# Lost a cotter pin!



## MFreund (May 2, 2008)

I put my 72" MMM back on my 4310 after some very hard loader work. I made a few passes and went to lift up the deck and it did not lift. I thought what the heck so I pushed the lever down. I then felt the floor raise up under my left heel and said oh s**t. I drove to the garage and climbed under it. The pin that connects the hyd cyl to the rock shaft had fallen out. I found the pin on top of the deck with no cotter pin. Problem found!! I asked myself what caused the floor to rise up? The hyd cyl had pushed the 1 1/4 dia rock shaft about 3/4" forward and sheared the bolt on the rear floor board mount off and broke the top two out of the transmission/axle casting. Looks like I will be busy this afternoon! I took the floor board off and got a good look and that seemed to be all the damage. I took a left handed drill bit and the sheared bolt backed out almost instantly.

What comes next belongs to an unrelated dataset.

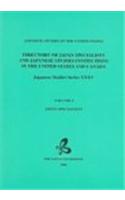 Directory of Japan Specialists and Japanese Studies Institutions in the United States and Canada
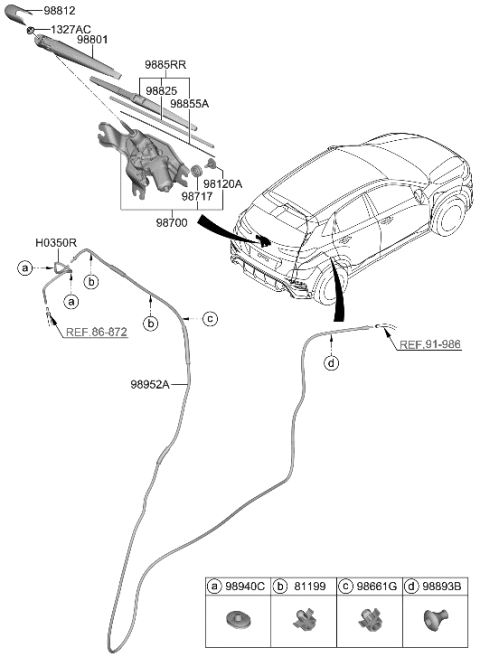 1995 Hyundai Elantra  Tube Diagram for 98952J9000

The floor board casting was streached about half a bolt hole, so I took the trusty die grinder and made the hole longer and when I bolted it back up the top two bolts seemed to tighten up even though half of the bolt holes were broke out! I took JB Weld and put the top halves of the castings back on after tightening as much as I dared. Tractor fixed, now on the the rock shaft. When I took the rock shaft off I noticed the left side was missing the bushing, when someone installed the mid PTO they put the bushing cap on backward and that allowed the bushing to "walk" out. RTFM I was not lucky enough to find it. I have a great neighbor who recycles concrete and thought "I wonder how big his hydraulic press is". The answer is big enough, 20 ton press is big enough to straighten a 1 1/2" steel rockshaft. So far the repairs are holding and I only have $27.50 for two new bushings. Any other ideas for repair on the casting other than JB weld? The moral: When a 2 cent cotter pin falls out it causes a million $ headache!!!


----------